Infine, ma non certo per importanza, dobbiamo lavorare alla promozione a livello internazionale del “Made in Italy”, che è esattamente l’unico vero marchio su cui puntare, il grande “ombrello” sotto il quale tutti possono giocare la propria partita. Dobbiamo superare tutti i regionalismi, i mille consorzi, raggruppamenti e associazioni (tutti con il loro marchio, e tutti assolutamente sconosciuti), e dar vita ad una grande campagna mondiale, continua, supportata da testimonial senza tempo, da Leonardo Da Vinci, a Giorgio Armani, Da Pavarotti a Gualtiero Marchesi, da Roberto Benigni a Federico Fellini, da Guccio Gucci a Sophia Loren, per passare poi alle grandi opere,  monumenti, design, e molto altro. Una comunicazione dai grandi contenuti artistici e culturali, trasversale a tutti i settori, e capace di raggruppare tutti gli investimenti per una campagna veramente da ricordare.

Quest’anno Nanis compie trent’anni: com'è evoluta l'arte orafa in queste tre decadi?

Si sono incrociate due tendenze e due linee di pensiero, la prima verso una produzione quantitativa, supportata da grandi innovazioni tecnologiche, la seconda verso un gioiello di ricerca di design che si rivolgeva a mercati di nicchia per lo più internazionali. Con la crisi del 2001 e poi del 2008 si sono accelerate delle tendenze già in atto, per cui la diminuzione delle grandi serie da una parte e la declinazione dell’alta gioielleria in una gioielleria più “democratica” dall’altra, hanno fatto sì che le due tendenze si potessero incontrare per definire una nuova grande area ove la nuova tecnologia si è plasmata, adattata a quantità più modeste, addirittura al pezzo singolo, elevando così il contenuto tecnico delle serie limitate e valorizzando il design che ha visto abbassata l’asticella dei limiti tecnici di riferimento.

Parlaci dei "gioielli di manifattura" Nanis: cosa li rende unici?

I nostri gioielli di manifattura sono appunto il risultato di questo processo di innovazione tecnologica, con il mantenimento di quanto la storia e la tradizione ci ha lasciato in eredità. La ricerca è d’altronde sempre stata al cuore di Nanis. Nei nostri gioielli di manifattura, troveremo tutte o comunque molte delle tecniche disponibili fuse insieme, ottenendo effetti e caratteristiche uniche. Difficilmente un gioiello così concepito potrebbe non essere Made In Italy.

Sono in molti a dire che questa pandemia ci cambierà: perché dopo questa crisi avremmo ancora voglia di comprare dei gioielli?

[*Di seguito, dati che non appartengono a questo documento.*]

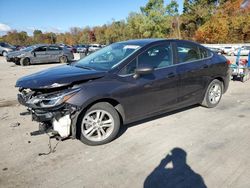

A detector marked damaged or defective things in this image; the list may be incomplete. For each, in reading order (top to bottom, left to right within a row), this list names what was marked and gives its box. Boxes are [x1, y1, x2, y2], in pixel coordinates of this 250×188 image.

front bumper damage [17, 89, 80, 139]
damaged front end [17, 86, 81, 138]
broken headlight [26, 88, 80, 108]
crumpled hood [15, 64, 105, 89]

Infatti semplicemente non avremo voglia di acquistare. Saremo costernati, frustrati, disorientati, spossati, economicamente indeboliti. Saremo chiamati a ricostruire un nuovo ordine di valori di riferimento, che avranno delle priorità e dei pesi quantitativi. Ci vorrà del tempo, e saremo condizionati dalla ricerca di riferimenti in grado di darci sicurezza, per cui avremo una ritrovata sensibilità al concetto di comunità, una avversione al concetto di globalizzazione, per la ricerca di una dimensione più umana. La velocità con cui siamo atterrati in questa nuova dimensione ci ha lasciato le ginocchia sbucciate: ci rialzeremo, ma questo ricordo ci accompagnerà per molto tempo. Non avremo più la voglia di comprare gioielli, ma la necessità. “La BELLEZZA salverà il mondo”: ne sono certo, e il gioiello è un’ancora, un simbolo, un compagno che non tradisce mai, che ti manca se non è con Te, è un ricordo o IL ricordo, un simbolo, una emozione che diventa pace, e che torna ad essere emozione per Te o per altri. Dovremo tenere conto di tutto ciò nella nostra creatività.